On September 5 voters in Quebec elected a new Parti Quebecois (PQ) minority government, and on September 6 the people of Ontario denied the Dalton McGuinty government a desired majority after voting against the Liberals in two by-elections.

Though the election results occurred for many different reasons in both provinces, Conservatives in Ottawa and Toronto were quick to point fingers at organized labour.

In Quebec, the PQ eked out a narrow minority government by winning 54 seats, to the Liberals 50, with the upstart CAQ winning 19 seats, and the left-wing Quebec solidaire doubling their seat total to 2. Though many commentators and pollsters had predicted a PQ majority government and the demise of the Charest Liberals after nine years and three terms in power, voters didn’t see it quite that way.

Forming a minority government with barely 32% of the vote has left the PQ in a weak position in terms of advancing their sovereignty agenda and will force them to try to work with other parties to pass legislation; otherwise, another election could be on the horizon.

In Ontario, a crass came of political brinkmanship by Premier McGuinty did not achieve its goal of providing him with a majority government. After winning only a minority government in last fall’s provincial election, McGuinty orchestrated a provincial by-election in Kitchener—Waterloo, a riding the Liberals felt they could win by enticing the sitting Conservative MPP with a government appointment. McGuinty then launched an attack on teachers and support workers in Ontario schools introducing legislation that freezes their wages and bans their right to strike, even though teachers had already committed to a no strike approach, and had already indicated they were willing to take a two year wage freeze.

The teachers unions, who had been key supporters of McGuinty in previous elections, actively worked in Kitchen—Waterloo for the NDP candidate and helped the NDP to pull off an upset win by taking the Conservatives long held seat.

Conservatives were quick to react to both election victories. In Quebec, regional wings of the Public Service Alliance of Canada (PSAC) – the largest union representing federal public servants – had come out in support of the PQ and Quebec solidaire because of their support for public services, not because of their desire for sovereignty. That didn’t stop Conservative MP Pierre Poilievre from ranting against the union for supporting pro-sovereignty parties and using the unions support as the reason to push for “right to work” laws for federal public sector unions.

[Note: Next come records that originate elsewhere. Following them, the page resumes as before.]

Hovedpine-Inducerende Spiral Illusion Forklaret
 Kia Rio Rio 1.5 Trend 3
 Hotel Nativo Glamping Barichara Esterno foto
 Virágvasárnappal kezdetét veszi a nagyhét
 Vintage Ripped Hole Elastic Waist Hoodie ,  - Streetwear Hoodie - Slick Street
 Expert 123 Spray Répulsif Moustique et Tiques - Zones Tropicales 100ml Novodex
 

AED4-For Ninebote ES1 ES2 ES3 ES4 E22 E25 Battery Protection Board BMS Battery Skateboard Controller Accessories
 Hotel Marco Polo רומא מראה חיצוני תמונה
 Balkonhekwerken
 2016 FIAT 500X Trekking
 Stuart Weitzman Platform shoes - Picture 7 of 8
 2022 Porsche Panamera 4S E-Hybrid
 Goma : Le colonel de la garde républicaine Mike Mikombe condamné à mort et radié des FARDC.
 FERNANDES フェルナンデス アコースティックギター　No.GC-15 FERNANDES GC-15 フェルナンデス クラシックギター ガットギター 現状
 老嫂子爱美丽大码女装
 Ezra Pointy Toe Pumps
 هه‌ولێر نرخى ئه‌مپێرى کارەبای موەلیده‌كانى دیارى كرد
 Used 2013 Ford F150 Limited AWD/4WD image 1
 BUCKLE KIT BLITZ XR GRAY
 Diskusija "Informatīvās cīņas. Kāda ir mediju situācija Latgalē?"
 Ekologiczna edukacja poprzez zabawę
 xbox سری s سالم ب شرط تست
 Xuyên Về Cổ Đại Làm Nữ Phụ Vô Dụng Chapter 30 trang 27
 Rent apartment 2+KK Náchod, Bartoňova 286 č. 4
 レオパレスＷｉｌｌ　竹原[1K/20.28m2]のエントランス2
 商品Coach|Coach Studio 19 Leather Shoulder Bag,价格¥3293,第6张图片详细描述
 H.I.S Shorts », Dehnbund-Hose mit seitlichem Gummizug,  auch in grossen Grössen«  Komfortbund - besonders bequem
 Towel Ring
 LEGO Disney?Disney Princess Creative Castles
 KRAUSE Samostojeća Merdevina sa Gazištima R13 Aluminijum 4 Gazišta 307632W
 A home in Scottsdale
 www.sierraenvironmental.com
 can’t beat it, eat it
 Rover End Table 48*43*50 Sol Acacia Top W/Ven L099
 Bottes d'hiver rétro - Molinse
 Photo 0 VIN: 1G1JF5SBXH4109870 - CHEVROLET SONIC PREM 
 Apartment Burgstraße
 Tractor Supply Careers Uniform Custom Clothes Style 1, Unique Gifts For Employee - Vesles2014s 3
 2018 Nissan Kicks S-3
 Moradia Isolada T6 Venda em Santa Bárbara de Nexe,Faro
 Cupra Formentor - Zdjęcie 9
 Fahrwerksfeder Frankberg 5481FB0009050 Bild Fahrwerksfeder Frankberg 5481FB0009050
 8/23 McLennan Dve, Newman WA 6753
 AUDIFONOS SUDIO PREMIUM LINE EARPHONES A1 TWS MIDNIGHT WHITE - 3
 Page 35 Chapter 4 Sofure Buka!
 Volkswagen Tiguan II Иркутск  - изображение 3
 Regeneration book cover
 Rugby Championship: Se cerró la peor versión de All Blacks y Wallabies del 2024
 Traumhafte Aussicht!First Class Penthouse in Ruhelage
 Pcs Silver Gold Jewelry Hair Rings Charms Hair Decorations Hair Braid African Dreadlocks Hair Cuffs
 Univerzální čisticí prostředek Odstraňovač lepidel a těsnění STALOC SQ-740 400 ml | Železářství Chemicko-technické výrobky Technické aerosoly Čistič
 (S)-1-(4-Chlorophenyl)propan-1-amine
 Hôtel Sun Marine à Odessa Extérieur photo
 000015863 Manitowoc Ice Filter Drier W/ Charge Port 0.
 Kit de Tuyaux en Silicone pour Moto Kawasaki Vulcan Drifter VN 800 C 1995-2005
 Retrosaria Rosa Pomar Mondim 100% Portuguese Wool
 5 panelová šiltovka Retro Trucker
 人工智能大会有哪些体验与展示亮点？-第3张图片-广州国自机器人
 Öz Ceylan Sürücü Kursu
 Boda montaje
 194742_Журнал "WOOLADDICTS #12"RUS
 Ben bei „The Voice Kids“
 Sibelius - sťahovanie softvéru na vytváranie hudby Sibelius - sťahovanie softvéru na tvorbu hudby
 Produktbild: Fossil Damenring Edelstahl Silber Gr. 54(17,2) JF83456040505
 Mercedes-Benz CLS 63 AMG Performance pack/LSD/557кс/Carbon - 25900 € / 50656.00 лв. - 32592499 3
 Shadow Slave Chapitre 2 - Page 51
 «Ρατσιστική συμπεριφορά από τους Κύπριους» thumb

In Ontario, Conservative Leader Tim Hudak had already released a policy paper that calls for “right to work” laws in the province. Hudak’s mean spirited attack on workers was one of many reasons why the Conservatives lost their former stronghold in Kitchener—Waterloo. The day after the by-election Hudak blamed a “tsunami of union bosses” cost him the election.

The election results in Quebec and Ontario turned out the way they did for numerous reasons but that doesn’t stop Conservative – whether they be in Ottawa or Toronto – from looking for scapegoats for their failings and, of course, their favorite scapegoats are the organizations that are fully dedicated to representing the interests of working families.

Somehow we should not be surprised.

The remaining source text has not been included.